Daily Market Analysis – Treasury Yield Curve Steepens

Equities:
It was a U.S Holiday yesterday and volumes were lighter across the board. Additionally, with few economic data releases the market retained its bullish stance. Japan’s Nikkei 225 rose by triple digits again as it closed up 187pts to 9,301. European markets remained positive on the day with the FTSE 100 adding 11pts to finish at 5,439 and the Stoxx Europe 50 squeezed out a 3pt win to close at 2,541. The Dow Jones Industrial Average will open Tuesday’s session at 10,447. Equity futures are still pointing up which will help support a move higher on the open.

Commodities & Treasuries:

Commodity markets were quieter than usual, though Copper remains strongly bullish as it padded it price by nearly $2 to $351.80. Gold rose modestly with little economic news and a stable dollar on Monday. Gold remains at 1,251. Oil was virtually unchanged as it sits at $74.05 a barrel.

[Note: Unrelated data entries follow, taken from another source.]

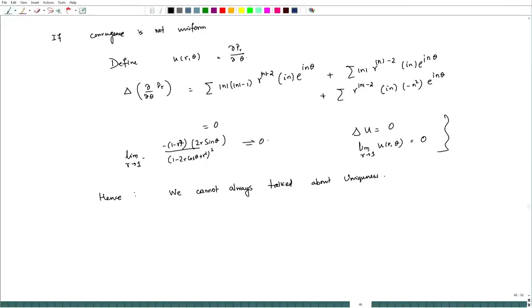So u = ∂P_r/∂θ is not identically zero but is a solution to the differential equation. Meanwhile v ≡ 0 is also a solution. Hence the uniqueness is broken. This is why uniform convergence is very important — when convergence is not uniform, uniqueness can fail.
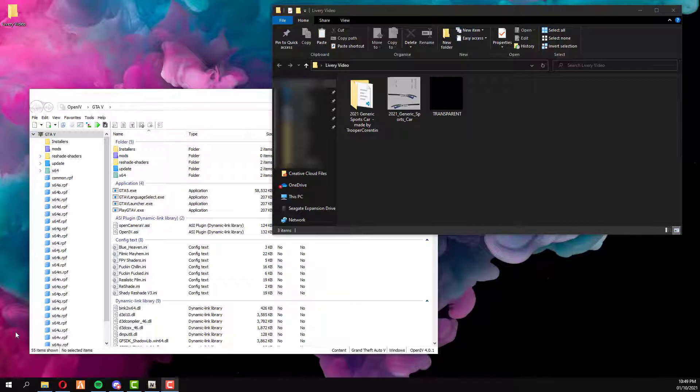So you are going to be needing a couple of things. I am going to be using a vehicle that I've purchased from Super Quarantine which is the 2021 generic sports car.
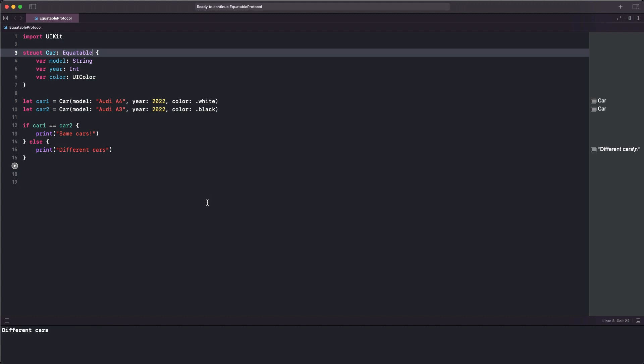Now, here is an interesting detail. The Car type is a struct, and the compiler synthesizes the equal-to operator automatically under the hood. That's not the case, though, when the custom type is a class, or, and that's important, if stored properties in the struct do not already conform to Equatable.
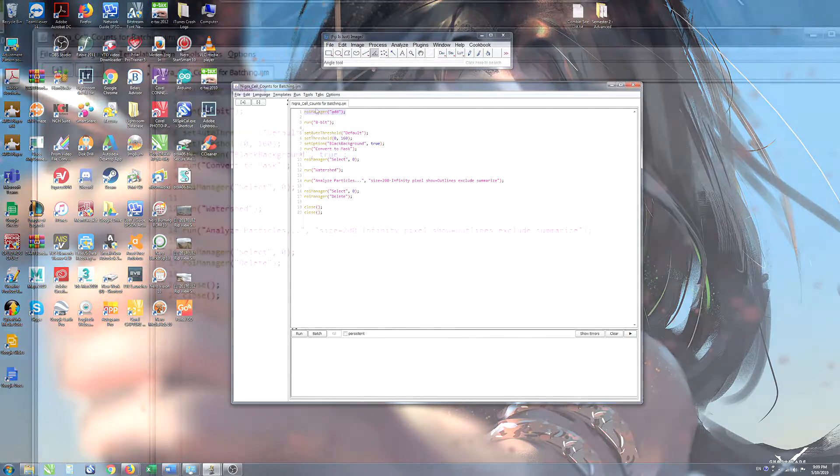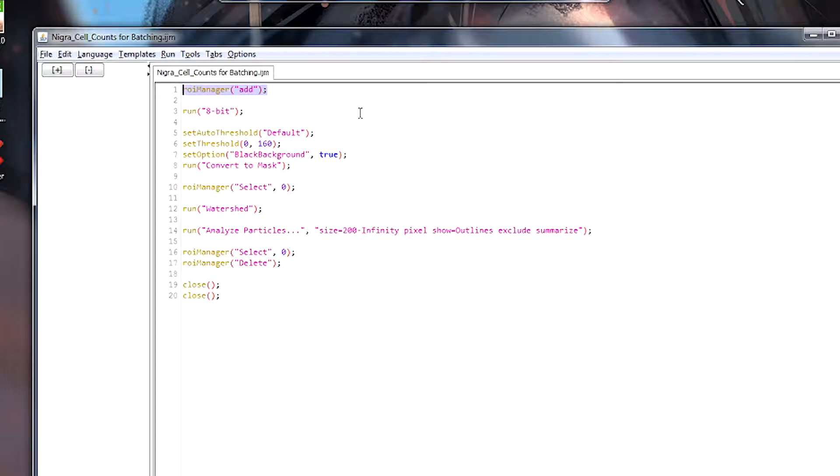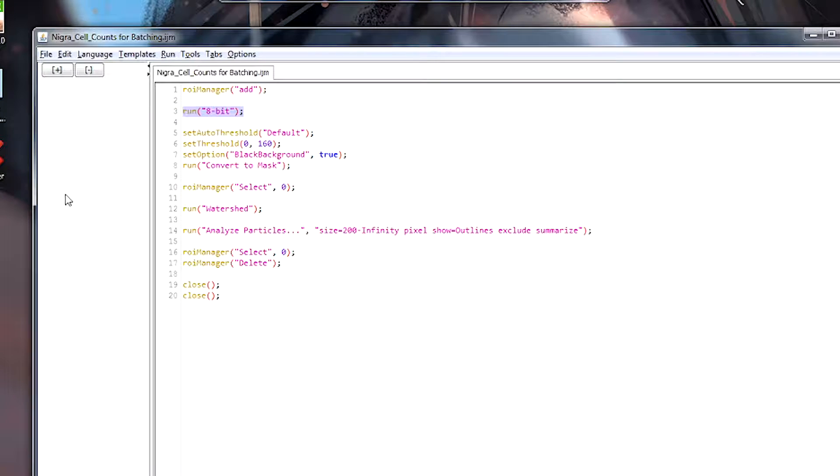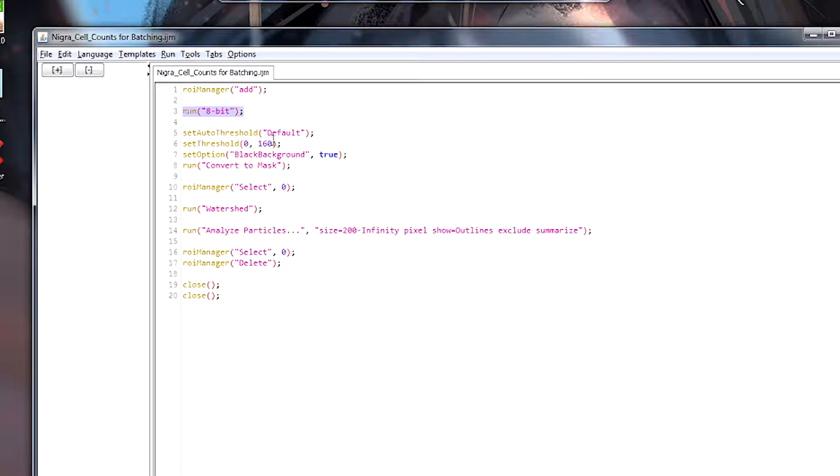First of all, the region of interest is added to the region of interest manager. So that's what this first step is. Next, we convert the whole image into 8-bit which is just grayscale. So that goes from 0, which is black, up to 255, which is white. There's 255 different steps in a grayscale image.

The Treasury curve continues to steepen as the far end of the curve sees yields continuing to rise, though they are still at historically low levels. The U.S Treasury 10-yr fell by 23/32nds pushing yields up to 2.713%. The 30-yr, long bond fell by 1 and 16/32nds as yield now approaches the 3.875% stated coupon.

Treasury Yield Curve

Treasury Yield Curve

Currencies:
Forex markets were quiet in the wake of the U.S Holiday and no real economic data releases. The EUR barely budged as it remains just south of 1.29. The GBP fell but found support at 1.54. The AUD remains above the critical .9100 level as it closed at .9172. The CAD closed at 1.0353  after Friday’s big rally. The CHF still has its sights set on Dollar parity as it closed at 1.0125. The JPY remains one of the key currencies to watch as it has been consolidating for a period of time near 84. Yen traders remained poised to catch the breakout

Economic Outlook:
Markets were still celebrating the euphoria over Friday’s better than expected employment data. However, the dark lining remains the elevated rate of Real Unemployment and the fact that the Private Sector created less jobs than the month before. Markets will now turn their attention to two Central Bank key interest rate announcements. The first one out of Japan and the other from the RBA. Both CB’s are widely expected to keep rates locked in at 0.10% and 4.50% respectively. German Factory Orders and Swiss Unemployment will also print later today. In New Zealand, Manufacturing Activity data will be released. Expect some volatility back in the market as traders start to look towards year end and position realignment.